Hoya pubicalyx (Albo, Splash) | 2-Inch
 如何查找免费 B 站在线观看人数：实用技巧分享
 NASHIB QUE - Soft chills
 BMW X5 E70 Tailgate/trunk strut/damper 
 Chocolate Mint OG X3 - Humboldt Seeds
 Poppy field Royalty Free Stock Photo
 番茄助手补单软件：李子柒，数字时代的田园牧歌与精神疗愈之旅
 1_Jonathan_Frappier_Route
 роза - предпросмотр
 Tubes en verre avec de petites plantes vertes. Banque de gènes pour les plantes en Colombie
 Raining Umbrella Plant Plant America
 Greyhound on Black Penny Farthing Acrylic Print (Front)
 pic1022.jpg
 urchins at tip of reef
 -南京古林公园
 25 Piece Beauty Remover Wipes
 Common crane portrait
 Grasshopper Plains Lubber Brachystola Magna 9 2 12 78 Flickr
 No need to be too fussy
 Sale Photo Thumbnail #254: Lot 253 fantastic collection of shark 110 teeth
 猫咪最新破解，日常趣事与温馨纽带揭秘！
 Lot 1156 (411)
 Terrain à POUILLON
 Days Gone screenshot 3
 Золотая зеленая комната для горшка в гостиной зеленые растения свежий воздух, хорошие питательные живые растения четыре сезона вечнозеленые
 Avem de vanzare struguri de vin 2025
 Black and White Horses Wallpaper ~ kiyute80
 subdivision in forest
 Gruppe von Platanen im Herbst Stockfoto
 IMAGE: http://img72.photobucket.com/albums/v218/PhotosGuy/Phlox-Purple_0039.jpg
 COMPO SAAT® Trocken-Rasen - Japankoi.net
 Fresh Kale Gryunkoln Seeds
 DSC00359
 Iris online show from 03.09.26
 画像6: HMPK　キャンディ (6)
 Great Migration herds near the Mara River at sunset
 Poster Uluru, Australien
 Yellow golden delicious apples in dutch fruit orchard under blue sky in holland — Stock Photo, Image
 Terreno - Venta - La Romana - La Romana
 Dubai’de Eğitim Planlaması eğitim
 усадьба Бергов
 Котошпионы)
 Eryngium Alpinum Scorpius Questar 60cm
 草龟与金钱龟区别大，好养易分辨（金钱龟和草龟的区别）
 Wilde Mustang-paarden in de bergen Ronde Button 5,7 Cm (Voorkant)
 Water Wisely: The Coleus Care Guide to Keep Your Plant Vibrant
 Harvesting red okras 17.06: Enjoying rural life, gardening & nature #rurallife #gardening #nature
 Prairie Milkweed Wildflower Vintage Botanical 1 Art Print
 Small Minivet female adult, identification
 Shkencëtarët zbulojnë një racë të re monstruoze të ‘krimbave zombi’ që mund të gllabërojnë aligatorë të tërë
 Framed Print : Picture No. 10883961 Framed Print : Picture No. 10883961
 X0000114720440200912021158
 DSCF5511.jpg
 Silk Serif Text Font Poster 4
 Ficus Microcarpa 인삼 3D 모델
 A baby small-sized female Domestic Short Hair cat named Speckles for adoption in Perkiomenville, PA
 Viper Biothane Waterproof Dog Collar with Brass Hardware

◆ **What is needed**: In the listing above, find the line with "усадьба Бергов" and the line with "Ficus Microcarpa 인삼 3D 모델", then print exactly those two lines and every line between them, and nothing more.

◆ **Solution**:
 усадьба Бергов
 Котошпионы)
 Eryngium Alpinum Scorpius Questar 60cm
 草龟与金钱龟区别大，好养易分辨（金钱龟和草龟的区别）
 Wilde Mustang-paarden in de bergen Ronde Button 5,7 Cm (Voorkant)
 Water Wisely: The Coleus Care Guide to Keep Your Plant Vibrant
 Harvesting red okras 17.06: Enjoying rural life, gardening & nature #rurallife #gardening #nature
 Prairie Milkweed Wildflower Vintage Botanical 1 Art Print
 Small Minivet female adult, identification
 Shkencëtarët zbulojnë një racë të re monstruoze të ‘krimbave zombi’ që mund të gllabërojnë aligatorë të tërë
 Framed Print : Picture No. 10883961 Framed Print : Picture No. 10883961
 X0000114720440200912021158
 DSCF5511.jpg
 Silk Serif Text Font Poster 4
 Ficus Microcarpa 인삼 3D 모델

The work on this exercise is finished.